Dia pun berencana membuat laporan resmi bersama kuasa hukum ke Polda Kalteng pada Senin (5/2/2024). ”Saya melihat ada kelalaian, makanya ini harus diperkarakan,” ujarnya.
Kuasa hukum Afner, Parlin Bayu Hutabarat, menjelaskan, berdasarkan pengamatan pada kondisi bayi, keterangan dari orangtua, dan dokumen terkait, ada beberapa kejanggalan dalam kematian AB. Oleh karena itu, dia menduga ada kelalaian dalam penanganan terhadap AB.
”Bayi ini meninggal dalam kondisi yang janggal. Makanya kami minta ini diselidiki dan disidik. Kalau memang salah, harus pidana,” kata Parlin yang berasal dari Lembaga Bantuan Hukum (LBH) Genta Keadilan.
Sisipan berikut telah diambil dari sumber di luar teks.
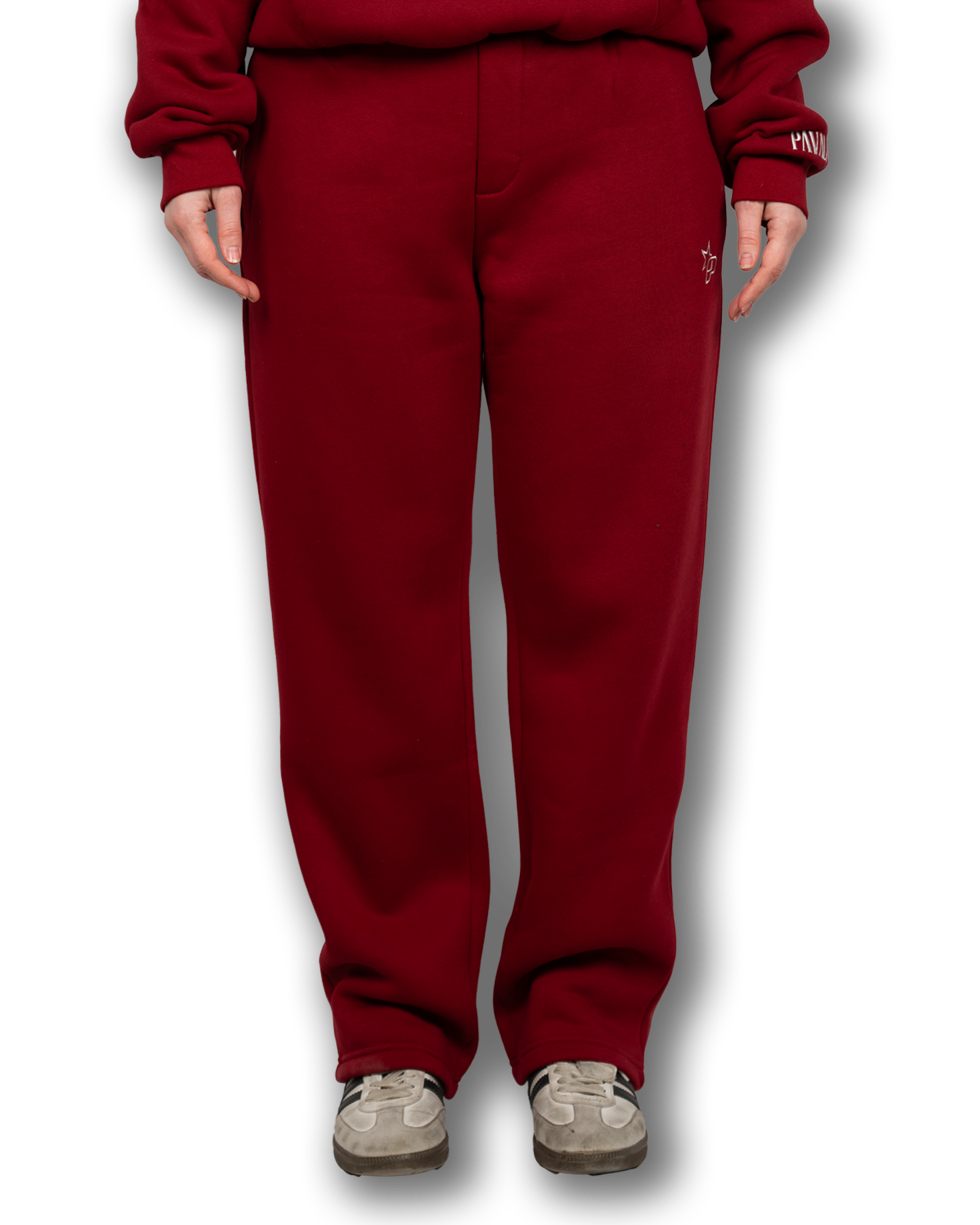 PAVALO® Premium Openleg - Jogger Weinrot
Wakil Direktur RSUD Doris Sylvanus, Devi Novianti, mengungkapkan, tim dokter rumah sakit itu sudah maksimal mengambil tindakan medis untuk membantu pasien tersebut. Devi menyebut, pasien itu menderita kelainan bawaan sehingga diperlukan operasi di bagian perut.
”Ini ada kelainan bawaan dan infeksi yang meluas. Kami sudah melakukan upaya-upaya untuk menangani pasien sesuai standar pelayanan medis. Kalau menurut kami, ini miskomunikasi,” kata Devi.